They did understand statistics. I am not saying their math was wrong. But they did not understand evidence, did not understand relevance, did not understand relevance drift (or, as I prefer to call it, relevance evolution), and did not understand efficient legal practice. Many I have talked to did not have any real understanding of how lawyers worked at all, much less document review. Most were scientists or statisticians. They meant well, but they did harm nonetheless. These scientists did not have any legal training. If they were any experienced lawyers on the version 1.0 and 2.0 software development teams, they were not heard, or had never really practiced law. (As a customer, I know I was brushed off.) Things have gotten much better in this regard since 2011, but still, many vendors have not gotten the message. They still manufacture version 1.0 and 2.0 type predictive coding software.

The theory behind their use of secret control proponents is that the initial relevance coding of these documents is correct, immutable and complete; that it should be used to objectively judge the rest of the coding in the project. In practice many documents determined to be relevant or irrelevant at the beginning of a project may be considered the reverse by the end. The target shifts. The understanding of relevance evolves. That is not because of a bad luck or a weak SME (a subject discussed later in the Course), but because of the natural progression of the understanding of the probative value of various types of documents over the course of a review.

The ground truth at the beginning of a search project is quick sand. The understanding of relevance almost always evolves as the search progresses. The main problem with the use of the control set in legal search is that the SMEs never know the full truth of document responsiveness at the beginning of a project.
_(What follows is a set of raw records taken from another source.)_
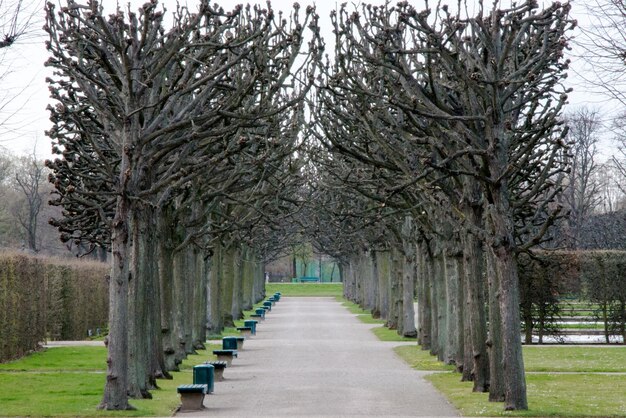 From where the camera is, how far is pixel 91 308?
4228 centimetres

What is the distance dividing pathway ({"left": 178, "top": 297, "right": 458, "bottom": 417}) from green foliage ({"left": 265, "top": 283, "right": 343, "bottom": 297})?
59.8m

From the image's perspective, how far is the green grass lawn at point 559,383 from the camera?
58.0ft

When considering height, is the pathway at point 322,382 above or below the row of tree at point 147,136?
below

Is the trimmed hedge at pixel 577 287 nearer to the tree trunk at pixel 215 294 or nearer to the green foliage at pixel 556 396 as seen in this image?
the tree trunk at pixel 215 294

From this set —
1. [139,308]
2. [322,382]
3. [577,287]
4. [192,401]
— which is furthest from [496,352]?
[577,287]

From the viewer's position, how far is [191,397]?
59.1ft

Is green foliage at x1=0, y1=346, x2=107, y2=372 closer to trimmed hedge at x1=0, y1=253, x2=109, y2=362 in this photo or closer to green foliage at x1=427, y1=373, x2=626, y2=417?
trimmed hedge at x1=0, y1=253, x2=109, y2=362

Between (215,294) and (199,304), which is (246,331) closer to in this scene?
(215,294)

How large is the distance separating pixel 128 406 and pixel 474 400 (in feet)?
19.8

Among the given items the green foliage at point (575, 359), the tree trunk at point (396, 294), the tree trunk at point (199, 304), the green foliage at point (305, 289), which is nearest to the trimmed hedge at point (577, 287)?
the green foliage at point (575, 359)

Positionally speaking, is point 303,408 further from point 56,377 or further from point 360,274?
point 360,274

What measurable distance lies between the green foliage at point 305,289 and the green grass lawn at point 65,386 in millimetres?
67629

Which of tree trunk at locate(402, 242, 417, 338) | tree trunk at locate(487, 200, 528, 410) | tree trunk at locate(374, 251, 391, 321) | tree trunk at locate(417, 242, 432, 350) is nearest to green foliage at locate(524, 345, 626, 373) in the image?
tree trunk at locate(417, 242, 432, 350)

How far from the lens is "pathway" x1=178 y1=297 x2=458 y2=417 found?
59.1 ft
This is something that evolves over time in all but the simplest projects. The understanding of relevance changes over time; it changes as particular documents are examined. The control set fails and creates false results because “the human-selected ground truth set and used as a benchmark for further statistical measurements” is never correct, especially at the beginning of a large review project. Only at the end of a project are we in a position to determine a “ground truth” and “benchmark” for statistical measurements.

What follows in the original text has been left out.